System Monitoring with Sar
sar is part of the sysstat project, a suite of programs for system monitoring. With sar, we can log system activity, build performance reports and even make plots.
sar is available on Linux, Solaris, AIX and HP-UX.
We can choose to run sar automatically, as an unattended script. Or interactively and get system metrics on the spot.
Unattended Mode
With a simple cron entry we can log system activity. If possible, as root, otherwise some data may be missing.
# cron entries, take a sample every 10 minutes
@reboot /usr/lib/sa/sa1 --boot
*/10 * * * * /usr/lib/sa/sa1 1 1 -S DISK
The @reboot line is kind of optional, but if the cron supports it’s good to have since it ensures the counters are reset
on boot.
sa1 is script that calls sadc, which does the actual collection.
To prevent the files from growing too large not everything is stored, however
additional counters can be enabled with -S.
Optional collection options for sadc:
- DISK block devices
- XDISK block devices and partitions
- INT system interrupts
- IPV6 network IPV6 statistics
- POWER power management
- SNMP is for the SNMP statistics
- ALL everything except XDISK
- XALL everthing including XDISK
Also check sysstat’s config for compression and retention options. /etc/conf.d/sysstat or /etc/default/sysstat
To access the stored data we have two alternatives:
sa2 is a script that generates an activity report for the previous day (/var/log/sarNN).
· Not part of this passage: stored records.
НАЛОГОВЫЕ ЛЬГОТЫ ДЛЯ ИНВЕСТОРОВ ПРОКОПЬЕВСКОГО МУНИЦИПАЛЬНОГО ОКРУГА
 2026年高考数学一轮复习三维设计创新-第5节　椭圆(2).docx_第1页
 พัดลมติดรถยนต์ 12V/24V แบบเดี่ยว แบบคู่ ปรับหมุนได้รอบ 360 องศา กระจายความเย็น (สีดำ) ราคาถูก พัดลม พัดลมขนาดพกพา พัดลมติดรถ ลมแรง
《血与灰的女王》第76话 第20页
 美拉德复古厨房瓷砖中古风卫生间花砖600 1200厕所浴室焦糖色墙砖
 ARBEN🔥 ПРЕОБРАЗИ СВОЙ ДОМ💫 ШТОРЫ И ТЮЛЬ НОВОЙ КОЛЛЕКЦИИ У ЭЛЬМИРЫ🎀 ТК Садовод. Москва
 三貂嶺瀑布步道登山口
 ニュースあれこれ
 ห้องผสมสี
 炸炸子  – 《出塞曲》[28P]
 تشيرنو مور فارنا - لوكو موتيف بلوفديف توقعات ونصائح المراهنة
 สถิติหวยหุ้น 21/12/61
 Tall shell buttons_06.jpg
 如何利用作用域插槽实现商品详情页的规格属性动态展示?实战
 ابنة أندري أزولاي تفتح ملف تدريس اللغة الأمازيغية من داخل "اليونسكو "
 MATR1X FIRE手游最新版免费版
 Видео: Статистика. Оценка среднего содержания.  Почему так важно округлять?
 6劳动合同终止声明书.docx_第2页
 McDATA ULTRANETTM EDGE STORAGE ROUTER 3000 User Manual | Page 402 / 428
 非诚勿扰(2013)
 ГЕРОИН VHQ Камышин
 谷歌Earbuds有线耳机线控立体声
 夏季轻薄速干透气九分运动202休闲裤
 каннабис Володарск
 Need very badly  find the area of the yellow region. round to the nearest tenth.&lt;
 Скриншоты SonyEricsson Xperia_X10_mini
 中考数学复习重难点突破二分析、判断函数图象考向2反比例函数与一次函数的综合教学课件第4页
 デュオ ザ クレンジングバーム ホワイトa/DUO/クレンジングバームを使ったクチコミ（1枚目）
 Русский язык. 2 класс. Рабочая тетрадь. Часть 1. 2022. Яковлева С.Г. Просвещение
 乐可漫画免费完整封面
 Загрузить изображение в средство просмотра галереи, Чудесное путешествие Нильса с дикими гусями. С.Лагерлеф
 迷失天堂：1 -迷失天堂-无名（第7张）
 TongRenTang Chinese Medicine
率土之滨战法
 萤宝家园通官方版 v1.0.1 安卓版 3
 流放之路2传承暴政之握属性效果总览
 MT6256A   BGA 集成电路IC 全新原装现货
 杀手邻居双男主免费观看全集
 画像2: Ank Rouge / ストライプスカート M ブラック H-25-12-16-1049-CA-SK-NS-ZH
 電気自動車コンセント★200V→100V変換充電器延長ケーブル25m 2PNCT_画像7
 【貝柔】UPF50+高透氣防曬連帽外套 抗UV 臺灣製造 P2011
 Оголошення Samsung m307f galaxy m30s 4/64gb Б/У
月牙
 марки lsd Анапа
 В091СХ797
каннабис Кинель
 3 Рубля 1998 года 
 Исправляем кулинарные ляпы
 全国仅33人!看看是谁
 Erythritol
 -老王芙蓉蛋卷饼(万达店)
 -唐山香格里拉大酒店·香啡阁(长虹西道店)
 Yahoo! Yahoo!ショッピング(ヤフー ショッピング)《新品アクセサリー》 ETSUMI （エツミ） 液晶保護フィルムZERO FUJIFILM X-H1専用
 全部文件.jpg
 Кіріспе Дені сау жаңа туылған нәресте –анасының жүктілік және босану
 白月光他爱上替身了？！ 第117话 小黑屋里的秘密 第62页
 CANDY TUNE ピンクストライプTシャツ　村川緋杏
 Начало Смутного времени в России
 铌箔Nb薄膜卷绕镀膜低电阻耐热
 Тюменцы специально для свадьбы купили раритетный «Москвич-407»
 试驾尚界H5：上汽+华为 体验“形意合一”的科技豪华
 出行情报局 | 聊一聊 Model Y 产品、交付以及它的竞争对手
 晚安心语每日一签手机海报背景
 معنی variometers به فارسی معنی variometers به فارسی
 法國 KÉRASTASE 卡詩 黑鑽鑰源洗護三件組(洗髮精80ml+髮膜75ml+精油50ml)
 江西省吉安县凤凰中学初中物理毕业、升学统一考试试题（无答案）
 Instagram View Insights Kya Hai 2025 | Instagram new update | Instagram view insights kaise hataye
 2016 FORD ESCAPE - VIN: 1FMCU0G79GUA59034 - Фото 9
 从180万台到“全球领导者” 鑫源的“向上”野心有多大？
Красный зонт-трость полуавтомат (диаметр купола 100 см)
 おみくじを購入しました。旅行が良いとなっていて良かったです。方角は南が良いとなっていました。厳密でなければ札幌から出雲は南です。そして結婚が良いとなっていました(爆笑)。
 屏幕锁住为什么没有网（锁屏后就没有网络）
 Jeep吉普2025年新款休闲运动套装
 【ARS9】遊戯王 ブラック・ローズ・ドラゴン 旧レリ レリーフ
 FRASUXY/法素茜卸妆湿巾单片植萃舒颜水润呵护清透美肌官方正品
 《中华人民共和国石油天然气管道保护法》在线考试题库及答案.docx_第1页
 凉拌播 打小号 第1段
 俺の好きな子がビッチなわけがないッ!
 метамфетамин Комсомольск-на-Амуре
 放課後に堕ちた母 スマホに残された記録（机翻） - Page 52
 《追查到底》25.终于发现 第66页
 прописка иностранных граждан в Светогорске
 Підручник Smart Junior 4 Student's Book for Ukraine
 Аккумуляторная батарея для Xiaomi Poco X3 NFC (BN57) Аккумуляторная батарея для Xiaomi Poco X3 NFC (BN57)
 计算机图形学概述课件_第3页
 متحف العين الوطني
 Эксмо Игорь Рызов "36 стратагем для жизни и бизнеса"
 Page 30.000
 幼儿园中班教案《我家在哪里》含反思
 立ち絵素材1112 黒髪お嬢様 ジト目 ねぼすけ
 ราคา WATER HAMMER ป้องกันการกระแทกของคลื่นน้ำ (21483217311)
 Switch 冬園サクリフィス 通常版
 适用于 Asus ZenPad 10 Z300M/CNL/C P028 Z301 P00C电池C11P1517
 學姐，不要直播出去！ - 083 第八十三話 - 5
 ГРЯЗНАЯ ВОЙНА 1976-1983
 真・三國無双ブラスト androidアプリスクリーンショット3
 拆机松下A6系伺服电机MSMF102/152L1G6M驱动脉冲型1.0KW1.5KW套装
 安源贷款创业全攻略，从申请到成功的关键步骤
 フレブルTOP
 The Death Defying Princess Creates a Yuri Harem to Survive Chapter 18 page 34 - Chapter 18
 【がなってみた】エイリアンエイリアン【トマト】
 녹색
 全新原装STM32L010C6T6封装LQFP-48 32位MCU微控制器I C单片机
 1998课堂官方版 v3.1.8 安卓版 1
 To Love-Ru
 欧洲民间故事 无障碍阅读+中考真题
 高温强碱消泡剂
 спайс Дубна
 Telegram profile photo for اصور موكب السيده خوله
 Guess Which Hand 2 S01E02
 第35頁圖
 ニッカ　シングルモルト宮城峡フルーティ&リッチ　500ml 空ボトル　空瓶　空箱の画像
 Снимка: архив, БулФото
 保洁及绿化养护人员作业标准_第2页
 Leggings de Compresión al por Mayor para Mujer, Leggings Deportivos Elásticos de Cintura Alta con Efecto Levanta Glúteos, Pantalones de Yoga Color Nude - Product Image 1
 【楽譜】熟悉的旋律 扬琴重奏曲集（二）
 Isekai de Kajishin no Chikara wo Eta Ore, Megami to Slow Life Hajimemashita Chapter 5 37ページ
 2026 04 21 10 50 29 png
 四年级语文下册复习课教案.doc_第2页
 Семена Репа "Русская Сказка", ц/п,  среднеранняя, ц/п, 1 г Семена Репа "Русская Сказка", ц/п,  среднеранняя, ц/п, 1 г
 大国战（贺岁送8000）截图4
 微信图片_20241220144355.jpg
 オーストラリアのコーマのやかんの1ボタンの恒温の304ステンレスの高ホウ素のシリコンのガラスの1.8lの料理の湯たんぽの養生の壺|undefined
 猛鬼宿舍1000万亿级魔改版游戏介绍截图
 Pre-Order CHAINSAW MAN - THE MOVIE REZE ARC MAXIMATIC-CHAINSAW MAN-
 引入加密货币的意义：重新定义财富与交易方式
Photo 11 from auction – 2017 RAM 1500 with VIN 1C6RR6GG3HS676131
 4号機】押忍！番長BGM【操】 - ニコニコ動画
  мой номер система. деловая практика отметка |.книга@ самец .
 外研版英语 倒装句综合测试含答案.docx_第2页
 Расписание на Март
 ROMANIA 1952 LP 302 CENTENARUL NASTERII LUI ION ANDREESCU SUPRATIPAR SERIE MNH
This can be croned easily:
# generate daily activity report
00 18 * * * /usr/lib/sa/sa2 -A
The other way is calling sar directly, this lets us choose the view:
# sar views with extended options
-u [ALL] CPU utilization (default view)
-b I/O rates
-d block device activity
-F mounted filesystem statistics
-n ALL network statistics
-P ALL per processor statistics
-q queue and load average
-r [ALL] memory utilization
-H hugepages utilization
-S swap space utilization
-B paging statistics
-W swapping activity
-v inode and kernel tables
-w task/process creation
-y TTY device activity
-m ALL power management statistics
-I ALL interrupts
-A Everything
Some views have additional options, for example -n ALL shows all network activity (including protocols) while -n DEV
only shows network devices.
sar by default shows today’s logs, -1 brings yesterday’s, -2 the day before yesterday and so on.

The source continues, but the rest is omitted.